■ Task directions ■
Below are entries. Give back exactly the lines from the one containing "Women's Earrings In Geometric Crystal Glass" through the one containing "Papel pintado de", inclusive, without the pictures.

The records below:

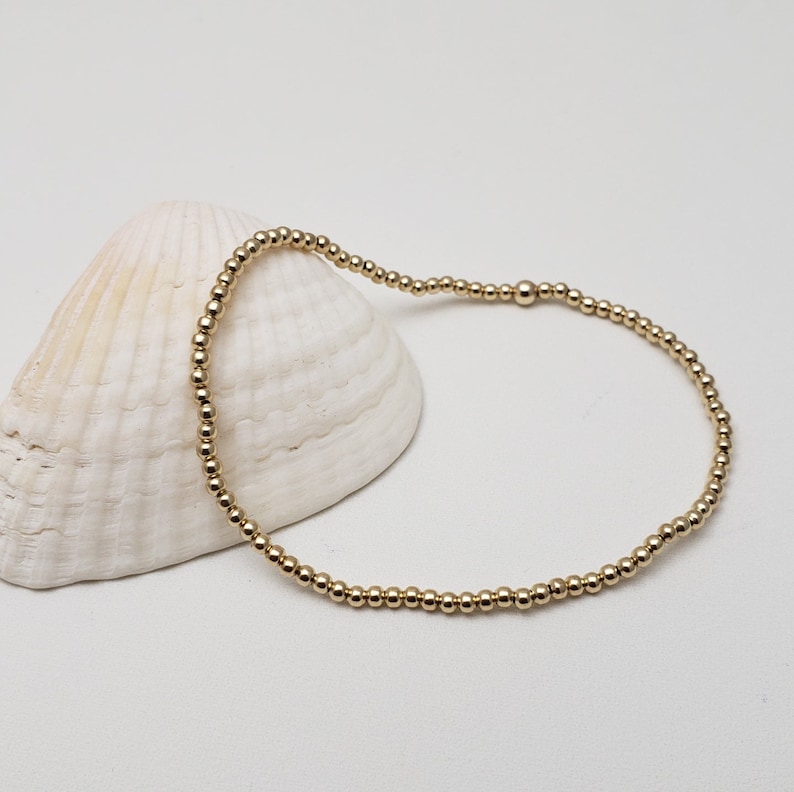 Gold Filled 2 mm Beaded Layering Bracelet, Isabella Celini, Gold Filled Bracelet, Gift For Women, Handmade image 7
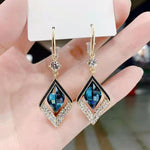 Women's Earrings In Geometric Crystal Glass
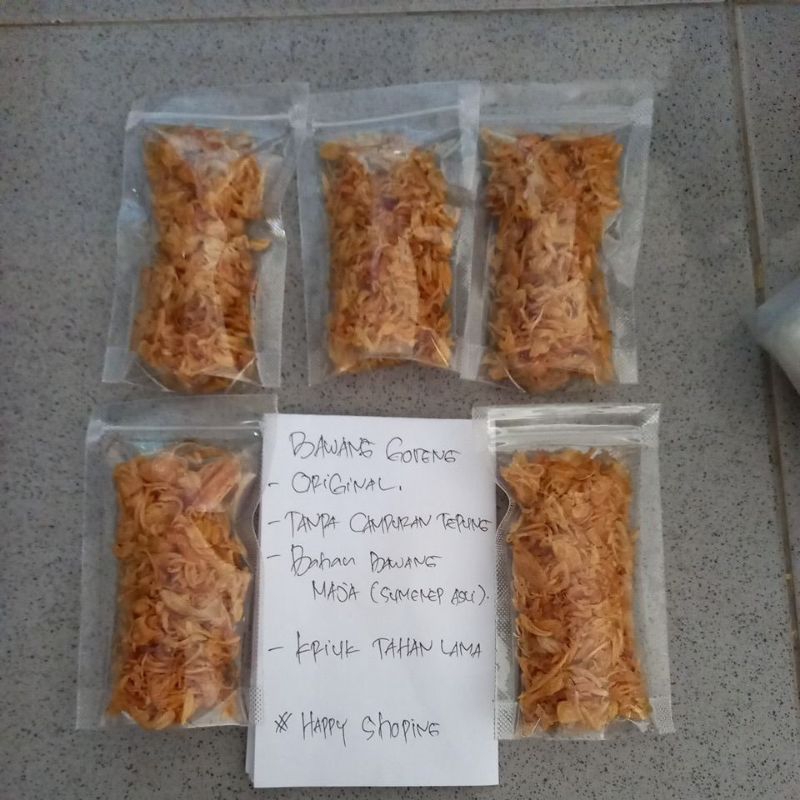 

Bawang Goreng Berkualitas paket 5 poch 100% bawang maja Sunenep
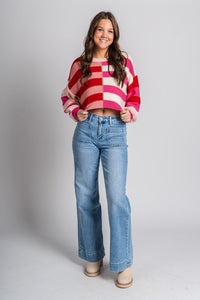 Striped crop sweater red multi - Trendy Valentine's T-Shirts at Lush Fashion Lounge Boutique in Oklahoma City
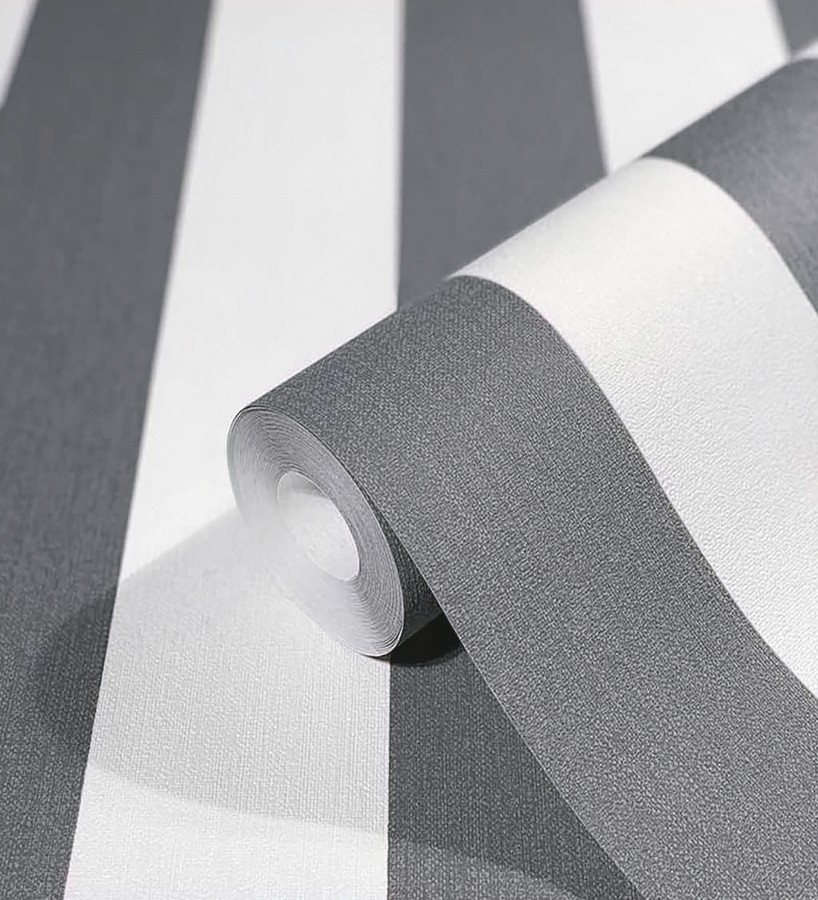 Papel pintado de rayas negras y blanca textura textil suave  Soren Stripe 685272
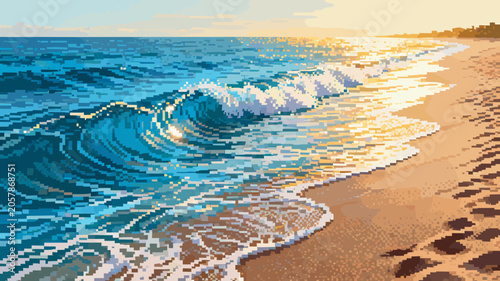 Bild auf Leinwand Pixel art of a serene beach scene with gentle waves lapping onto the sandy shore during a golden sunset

End of The records.
The records below:

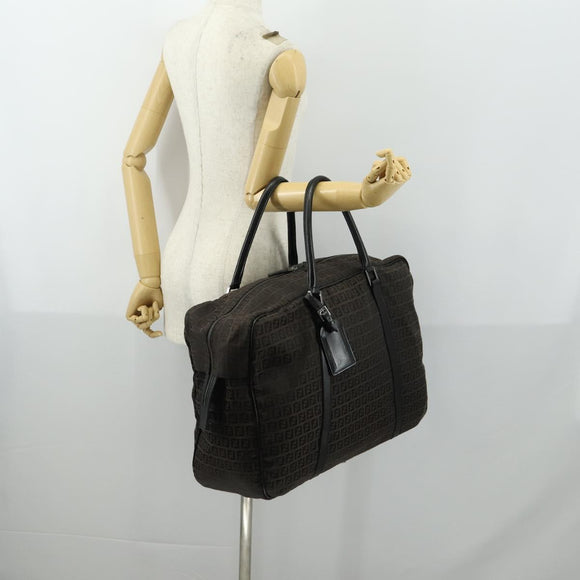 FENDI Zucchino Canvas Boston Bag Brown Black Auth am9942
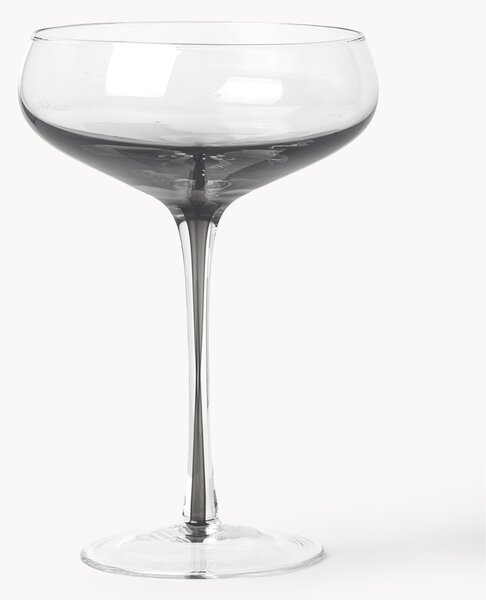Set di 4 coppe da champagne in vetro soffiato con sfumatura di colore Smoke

End of The records.

■ Exercise result ■
 Women's Earrings In Geometric Crystal Glass

Bawang Goreng Berkualitas paket 5 poch 100% bawang maja Sunenep
 Striped crop sweater red multi - Trendy Valentine's T-Shirts at Lush Fashion Lounge Boutique in Oklahoma City
 Papel pintado de rayas negras y blanca textura textil suave  Soren Stripe 685272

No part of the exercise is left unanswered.